Thank you this explanation makes a lot of sense. I did try to lower the define suggested but it didn’t make a lot of difference in my tests.

Is the delayed dealloc queue taken into account when it comes to scheduler work allocation?

2 Likes

There is no logic that specifically takes it into account, but since almost all of the scheduler balancing is done through work-stealing I think that it should balance itself out.

3 Likes

Thank you. Looks like there isn’t much else we can do at this point. :slight_smile:

I might have to start thinking about alternative designs for the Ra log storage system that don’t use ETS for short lived high-throughput “memtables”.

2 Likes

If you have a small example that I could run I may have some time to have a look and see if I can find something.

2 Likes

That’d be great if you have time, thank you. This is what I do to test:

Using the Ra repo with the wal-micro-optimisations branch: GitHub - rabbitmq/ra at wal-micro-optimisations

make shell SHELL_OPTS="-sname n1"

And in another shell:

make shell SHELL_OPTS="-sname load +S 2"

In the second shell run something like:

    ra_bench:run(#{data_size => 256,degree => 5,name => t1,
                   nodes => [n1@crake],
                   pipe => 1000,seconds => 60,target => 80000}).

And it should print the per second throughput out with regular dips:

starting servers on [n1@crake]
running bench mark...
ops/sec: 0
ops/sec: 129469
ops/sec: 127126
ops/sec: 129561
ops/sec: 127812
ops/sec: 105128
ops/sec: 104825
ops/sec: 124298
ops/sec: 124309
ops/sec: 128994
ops/sec: 122312
ops/sec: 93287 <-----
ops/sec: 126074
ops/sec: 127410
ops/sec: 123817
ops/sec: 128338
ops/sec: 95049 <----
ops/sec: 104934
ops/sec: 124760
ops/sec: 123884
ops/sec: 128272
ops/sec: 117145
ops/sec: 89406 <---
ops/sec: 129459
ops/sec: 127410
ops/sec: 126524

2 Likes

I did some quick digging and it seems like my hypothesis regarding delated de-alloc is correct. When running perf just as the ets:delete happens there is a lot of handle_delayed_dealloc calls happening.
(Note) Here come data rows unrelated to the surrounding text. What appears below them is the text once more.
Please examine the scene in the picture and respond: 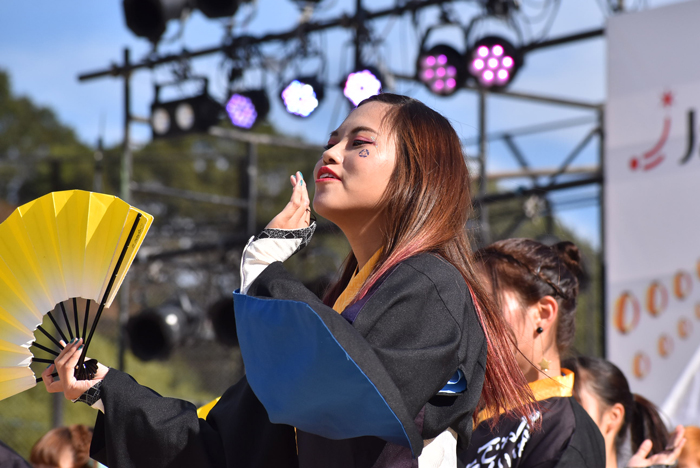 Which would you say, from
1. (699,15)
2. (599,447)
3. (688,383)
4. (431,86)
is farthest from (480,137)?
(599,447)

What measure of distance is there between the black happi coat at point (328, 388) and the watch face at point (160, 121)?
4473 millimetres

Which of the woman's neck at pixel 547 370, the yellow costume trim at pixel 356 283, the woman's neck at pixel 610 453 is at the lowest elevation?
the woman's neck at pixel 610 453

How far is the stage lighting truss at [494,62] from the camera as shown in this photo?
455 centimetres

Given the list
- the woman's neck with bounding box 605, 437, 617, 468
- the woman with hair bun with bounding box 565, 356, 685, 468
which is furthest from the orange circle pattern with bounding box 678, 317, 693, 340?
the woman's neck with bounding box 605, 437, 617, 468

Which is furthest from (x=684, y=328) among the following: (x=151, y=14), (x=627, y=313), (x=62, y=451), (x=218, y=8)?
(x=151, y=14)

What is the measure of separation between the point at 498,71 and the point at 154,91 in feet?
8.48

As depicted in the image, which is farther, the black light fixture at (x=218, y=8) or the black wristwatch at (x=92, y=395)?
the black light fixture at (x=218, y=8)

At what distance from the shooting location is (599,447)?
6.23 feet

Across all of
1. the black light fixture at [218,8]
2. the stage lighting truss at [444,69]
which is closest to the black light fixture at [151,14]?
the black light fixture at [218,8]

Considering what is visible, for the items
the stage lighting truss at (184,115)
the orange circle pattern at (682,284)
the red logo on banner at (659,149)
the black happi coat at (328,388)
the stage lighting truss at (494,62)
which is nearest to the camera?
the black happi coat at (328,388)

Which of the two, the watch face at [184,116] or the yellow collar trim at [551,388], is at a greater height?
the watch face at [184,116]

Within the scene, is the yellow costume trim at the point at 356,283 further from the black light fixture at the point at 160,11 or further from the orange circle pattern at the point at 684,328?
the black light fixture at the point at 160,11

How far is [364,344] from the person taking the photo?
42.3 inches

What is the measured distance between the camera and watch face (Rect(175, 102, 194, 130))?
551 cm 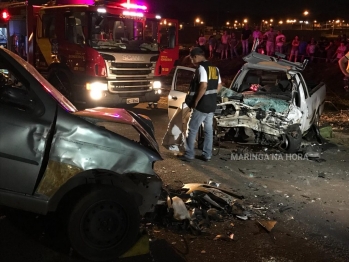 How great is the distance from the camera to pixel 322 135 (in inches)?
374

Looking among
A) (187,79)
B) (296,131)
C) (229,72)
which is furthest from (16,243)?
(229,72)

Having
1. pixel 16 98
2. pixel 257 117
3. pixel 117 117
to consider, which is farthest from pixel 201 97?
pixel 16 98

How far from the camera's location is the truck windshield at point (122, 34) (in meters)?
10.4

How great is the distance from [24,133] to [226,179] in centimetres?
371

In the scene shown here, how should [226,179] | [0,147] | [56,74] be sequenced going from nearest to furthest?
[0,147] < [226,179] < [56,74]

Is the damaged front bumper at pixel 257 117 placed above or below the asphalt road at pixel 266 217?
above

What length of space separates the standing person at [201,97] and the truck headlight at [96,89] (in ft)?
13.4

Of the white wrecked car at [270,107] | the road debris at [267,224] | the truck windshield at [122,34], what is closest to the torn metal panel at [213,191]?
the road debris at [267,224]

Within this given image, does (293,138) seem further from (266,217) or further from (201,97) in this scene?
Answer: (266,217)

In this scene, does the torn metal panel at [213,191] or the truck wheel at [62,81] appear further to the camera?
the truck wheel at [62,81]

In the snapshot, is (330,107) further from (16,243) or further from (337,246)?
(16,243)

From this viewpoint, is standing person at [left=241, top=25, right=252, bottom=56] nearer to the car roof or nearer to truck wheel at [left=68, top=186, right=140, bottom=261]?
the car roof

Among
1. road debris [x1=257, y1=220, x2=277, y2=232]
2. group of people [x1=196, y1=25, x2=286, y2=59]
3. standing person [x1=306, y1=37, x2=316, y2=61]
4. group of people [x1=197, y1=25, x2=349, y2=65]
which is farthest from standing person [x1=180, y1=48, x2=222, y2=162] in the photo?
standing person [x1=306, y1=37, x2=316, y2=61]

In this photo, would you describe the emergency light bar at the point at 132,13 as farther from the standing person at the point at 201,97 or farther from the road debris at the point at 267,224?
the road debris at the point at 267,224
The number of ops/sec that I got fluctuated a lot more than what you have in your example though, so not sure if I would draw too many conclusions from my tests.

3 Likes

Thank you for testing this. There are many other variables, disk speeds etc that affect the throughput variability apart from the ets:delete/1 but on my system I can’t see anything else poke out obviously.

If you think if anything else we could try to mitigate the impact of this I’m all ears!

Ha en bra helg

1 Like

I talked a bit with the team and we don’t have any great suggestions about how to solve this. There is a lot of work that needs to be done when deallocating such a large table.
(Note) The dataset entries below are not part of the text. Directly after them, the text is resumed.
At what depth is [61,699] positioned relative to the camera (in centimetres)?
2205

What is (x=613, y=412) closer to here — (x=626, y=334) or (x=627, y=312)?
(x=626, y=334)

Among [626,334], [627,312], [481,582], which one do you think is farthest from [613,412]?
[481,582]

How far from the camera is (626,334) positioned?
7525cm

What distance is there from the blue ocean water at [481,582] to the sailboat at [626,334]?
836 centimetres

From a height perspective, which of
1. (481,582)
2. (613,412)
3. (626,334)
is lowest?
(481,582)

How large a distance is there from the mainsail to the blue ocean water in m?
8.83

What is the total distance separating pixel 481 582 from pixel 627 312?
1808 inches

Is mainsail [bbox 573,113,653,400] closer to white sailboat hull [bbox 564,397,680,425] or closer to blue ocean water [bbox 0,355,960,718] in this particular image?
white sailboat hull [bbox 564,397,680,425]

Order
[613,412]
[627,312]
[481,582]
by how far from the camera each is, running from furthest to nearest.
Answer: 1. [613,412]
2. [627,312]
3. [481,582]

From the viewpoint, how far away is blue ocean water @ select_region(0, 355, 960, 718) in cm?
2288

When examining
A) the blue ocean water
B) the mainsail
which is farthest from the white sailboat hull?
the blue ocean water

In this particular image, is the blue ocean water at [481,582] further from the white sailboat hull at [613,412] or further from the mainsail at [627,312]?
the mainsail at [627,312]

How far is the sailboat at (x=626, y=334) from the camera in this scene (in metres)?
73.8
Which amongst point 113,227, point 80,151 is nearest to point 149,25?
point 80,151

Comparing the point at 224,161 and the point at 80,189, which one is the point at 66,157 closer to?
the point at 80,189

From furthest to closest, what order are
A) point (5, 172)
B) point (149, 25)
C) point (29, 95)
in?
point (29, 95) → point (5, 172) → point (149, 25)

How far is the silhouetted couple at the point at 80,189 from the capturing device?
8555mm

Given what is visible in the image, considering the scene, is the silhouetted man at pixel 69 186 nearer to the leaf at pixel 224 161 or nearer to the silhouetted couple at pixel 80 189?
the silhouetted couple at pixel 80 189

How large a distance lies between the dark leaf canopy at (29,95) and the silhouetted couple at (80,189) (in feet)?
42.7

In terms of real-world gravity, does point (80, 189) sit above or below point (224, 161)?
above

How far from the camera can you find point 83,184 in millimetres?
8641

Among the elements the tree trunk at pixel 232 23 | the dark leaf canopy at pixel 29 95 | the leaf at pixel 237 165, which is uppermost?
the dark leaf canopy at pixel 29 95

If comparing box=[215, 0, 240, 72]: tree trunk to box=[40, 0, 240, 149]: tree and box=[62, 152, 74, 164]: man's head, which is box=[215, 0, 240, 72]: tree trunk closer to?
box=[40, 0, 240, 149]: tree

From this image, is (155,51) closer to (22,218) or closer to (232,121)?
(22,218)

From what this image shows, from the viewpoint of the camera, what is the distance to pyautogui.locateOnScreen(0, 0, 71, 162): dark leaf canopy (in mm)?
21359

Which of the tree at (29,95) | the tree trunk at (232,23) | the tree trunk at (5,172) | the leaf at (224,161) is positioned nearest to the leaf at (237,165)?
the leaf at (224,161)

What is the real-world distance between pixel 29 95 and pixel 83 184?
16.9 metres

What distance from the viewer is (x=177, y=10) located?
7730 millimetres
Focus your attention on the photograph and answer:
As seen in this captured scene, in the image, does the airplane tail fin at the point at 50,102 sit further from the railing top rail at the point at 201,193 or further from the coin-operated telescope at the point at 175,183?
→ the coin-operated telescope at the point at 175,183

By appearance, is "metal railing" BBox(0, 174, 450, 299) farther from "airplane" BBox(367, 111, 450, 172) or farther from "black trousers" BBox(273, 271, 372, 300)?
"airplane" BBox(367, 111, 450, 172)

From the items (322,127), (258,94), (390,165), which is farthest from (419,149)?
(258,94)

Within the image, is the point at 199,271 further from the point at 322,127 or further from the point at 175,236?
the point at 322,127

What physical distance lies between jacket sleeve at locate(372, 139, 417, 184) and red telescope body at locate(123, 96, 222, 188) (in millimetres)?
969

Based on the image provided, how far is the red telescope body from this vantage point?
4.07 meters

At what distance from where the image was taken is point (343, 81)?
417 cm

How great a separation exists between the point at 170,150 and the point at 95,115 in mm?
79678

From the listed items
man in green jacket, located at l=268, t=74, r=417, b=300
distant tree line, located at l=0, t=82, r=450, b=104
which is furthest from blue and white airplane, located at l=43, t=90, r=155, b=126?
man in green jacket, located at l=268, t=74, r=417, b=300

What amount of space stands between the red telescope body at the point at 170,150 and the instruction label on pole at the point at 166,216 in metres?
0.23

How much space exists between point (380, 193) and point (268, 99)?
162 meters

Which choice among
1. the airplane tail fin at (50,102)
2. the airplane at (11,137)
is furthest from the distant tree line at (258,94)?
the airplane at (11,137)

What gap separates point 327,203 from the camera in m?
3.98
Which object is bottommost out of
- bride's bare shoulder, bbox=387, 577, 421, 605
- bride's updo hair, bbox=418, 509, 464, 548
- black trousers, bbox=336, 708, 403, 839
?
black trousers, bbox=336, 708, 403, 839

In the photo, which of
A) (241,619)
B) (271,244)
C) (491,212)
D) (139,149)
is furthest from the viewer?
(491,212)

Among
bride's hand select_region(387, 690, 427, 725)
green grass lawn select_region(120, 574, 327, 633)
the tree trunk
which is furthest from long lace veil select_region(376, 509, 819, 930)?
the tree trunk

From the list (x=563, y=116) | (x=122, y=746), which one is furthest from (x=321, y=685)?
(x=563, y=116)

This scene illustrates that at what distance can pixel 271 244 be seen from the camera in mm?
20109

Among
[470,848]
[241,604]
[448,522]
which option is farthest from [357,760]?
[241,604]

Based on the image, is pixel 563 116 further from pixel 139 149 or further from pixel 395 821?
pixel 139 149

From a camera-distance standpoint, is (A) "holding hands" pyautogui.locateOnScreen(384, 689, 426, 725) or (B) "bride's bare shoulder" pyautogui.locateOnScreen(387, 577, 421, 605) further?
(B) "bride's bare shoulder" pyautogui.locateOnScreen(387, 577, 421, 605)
Some ideas that may not work for you are:

  1. Make the table smaller… smaller table means less work to be done at once
  2. Make the binary into a list, will halve the number of deallocation, but use more memory. (You could also split the binary into 63 bytes chunks if that is better…).
  3. Create a process using a min_heap_size that can fit the cache. Though you still will get the deallocations for the binaries, unless you combine this with suggestion 2.
  4. Bind the process doing ets:insert and ets:delete to a scheduler using the undocumented and unsupported spawn_opt(M,F,A,[{scheduler,1}]). I don’t really recommend doing this, as it may have other nasty side effects, but could be fun to try and see if it helps.

Hard to know if any of them could work for you.

4 Likes

Thanks for remembering I asked about this and bringing it up.
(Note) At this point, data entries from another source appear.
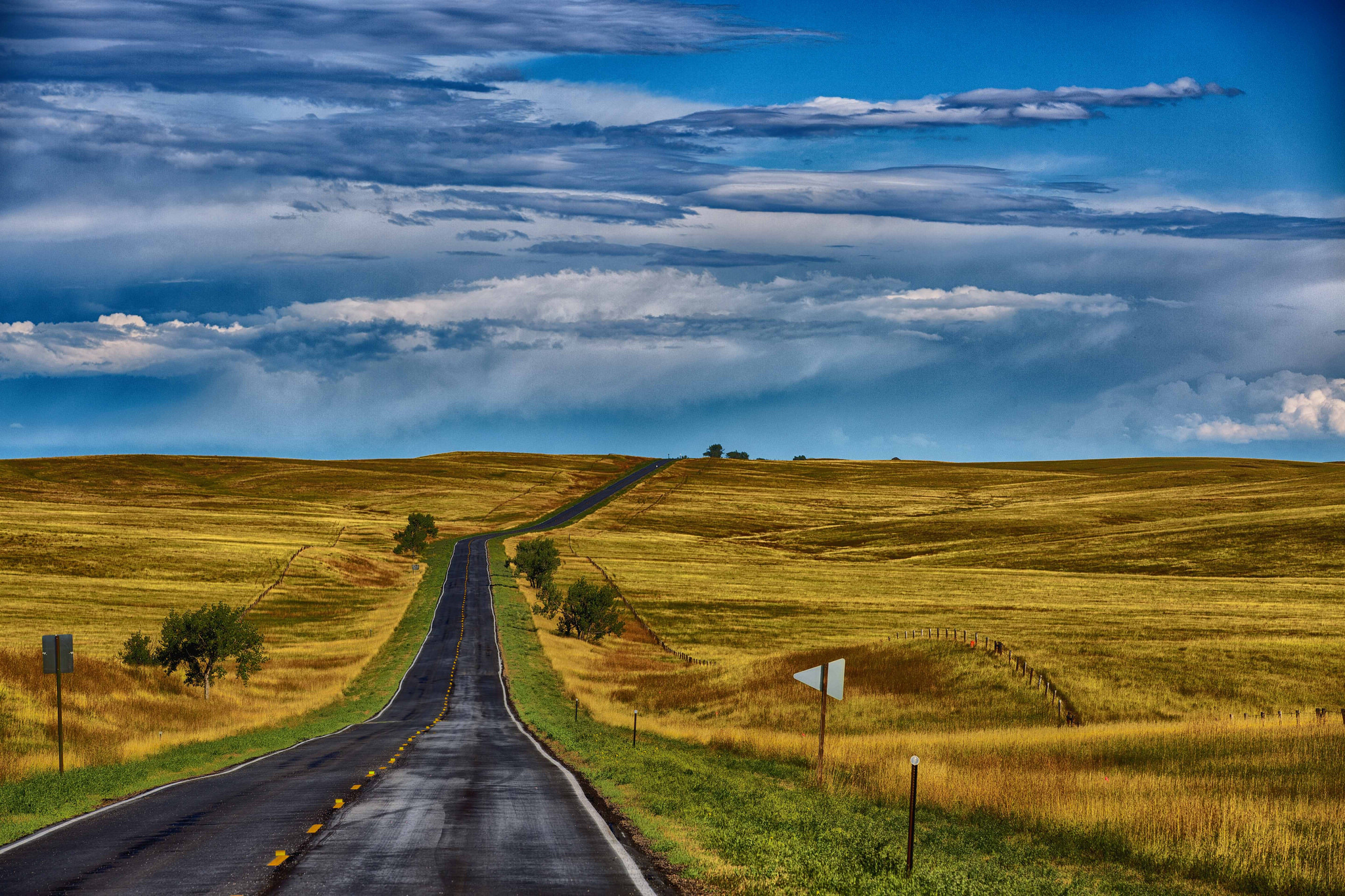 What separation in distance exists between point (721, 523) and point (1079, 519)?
4648cm

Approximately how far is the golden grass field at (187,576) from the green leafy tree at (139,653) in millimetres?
1683

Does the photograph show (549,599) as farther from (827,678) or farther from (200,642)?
(827,678)

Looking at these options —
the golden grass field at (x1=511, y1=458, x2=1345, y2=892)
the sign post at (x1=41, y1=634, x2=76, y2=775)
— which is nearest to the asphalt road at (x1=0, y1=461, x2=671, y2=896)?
the sign post at (x1=41, y1=634, x2=76, y2=775)

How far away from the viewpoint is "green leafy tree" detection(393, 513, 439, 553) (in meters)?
121

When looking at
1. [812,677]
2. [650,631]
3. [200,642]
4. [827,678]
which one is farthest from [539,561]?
[827,678]

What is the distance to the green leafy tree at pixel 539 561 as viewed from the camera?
8606 cm

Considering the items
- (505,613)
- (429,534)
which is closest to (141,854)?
(505,613)

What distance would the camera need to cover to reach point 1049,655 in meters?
40.1

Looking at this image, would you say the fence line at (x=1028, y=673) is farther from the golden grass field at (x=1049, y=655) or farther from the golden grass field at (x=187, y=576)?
the golden grass field at (x=187, y=576)

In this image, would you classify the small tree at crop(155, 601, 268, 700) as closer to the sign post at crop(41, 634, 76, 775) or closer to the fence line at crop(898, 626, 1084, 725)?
the sign post at crop(41, 634, 76, 775)

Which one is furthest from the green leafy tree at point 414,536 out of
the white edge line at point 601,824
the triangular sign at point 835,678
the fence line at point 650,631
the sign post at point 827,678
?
the triangular sign at point 835,678

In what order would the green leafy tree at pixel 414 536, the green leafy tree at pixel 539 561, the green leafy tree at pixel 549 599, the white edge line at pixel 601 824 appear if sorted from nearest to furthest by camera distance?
the white edge line at pixel 601 824, the green leafy tree at pixel 549 599, the green leafy tree at pixel 539 561, the green leafy tree at pixel 414 536

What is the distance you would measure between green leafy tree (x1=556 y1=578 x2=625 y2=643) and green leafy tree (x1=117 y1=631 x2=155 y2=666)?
1141 inches

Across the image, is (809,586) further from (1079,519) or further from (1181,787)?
(1181,787) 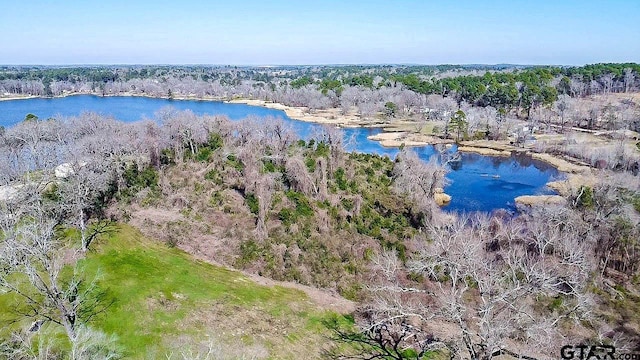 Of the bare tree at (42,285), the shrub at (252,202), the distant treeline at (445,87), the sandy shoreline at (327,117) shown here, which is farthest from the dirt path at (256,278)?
the distant treeline at (445,87)

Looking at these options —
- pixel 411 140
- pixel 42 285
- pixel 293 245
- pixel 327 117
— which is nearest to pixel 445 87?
pixel 327 117

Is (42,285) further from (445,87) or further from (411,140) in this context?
(445,87)

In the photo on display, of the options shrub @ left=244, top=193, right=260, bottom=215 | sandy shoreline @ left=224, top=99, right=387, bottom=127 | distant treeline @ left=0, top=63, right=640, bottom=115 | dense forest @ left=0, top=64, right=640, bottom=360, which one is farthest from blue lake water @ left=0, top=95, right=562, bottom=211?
distant treeline @ left=0, top=63, right=640, bottom=115

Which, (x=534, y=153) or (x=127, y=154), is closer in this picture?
(x=127, y=154)

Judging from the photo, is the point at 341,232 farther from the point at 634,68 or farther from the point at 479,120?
the point at 634,68

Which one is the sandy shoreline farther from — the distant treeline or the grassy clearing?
the grassy clearing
We do play around with smaller tables and it does help a bit but there is another tradeoff in play as well where we don’t want the tables to get too small as then we may end up with greater than necessary write amplification in Ra.

As terms used in Ra is dependent on the machine implementation there isn’t that much we can do w.r.t changing the format of the data.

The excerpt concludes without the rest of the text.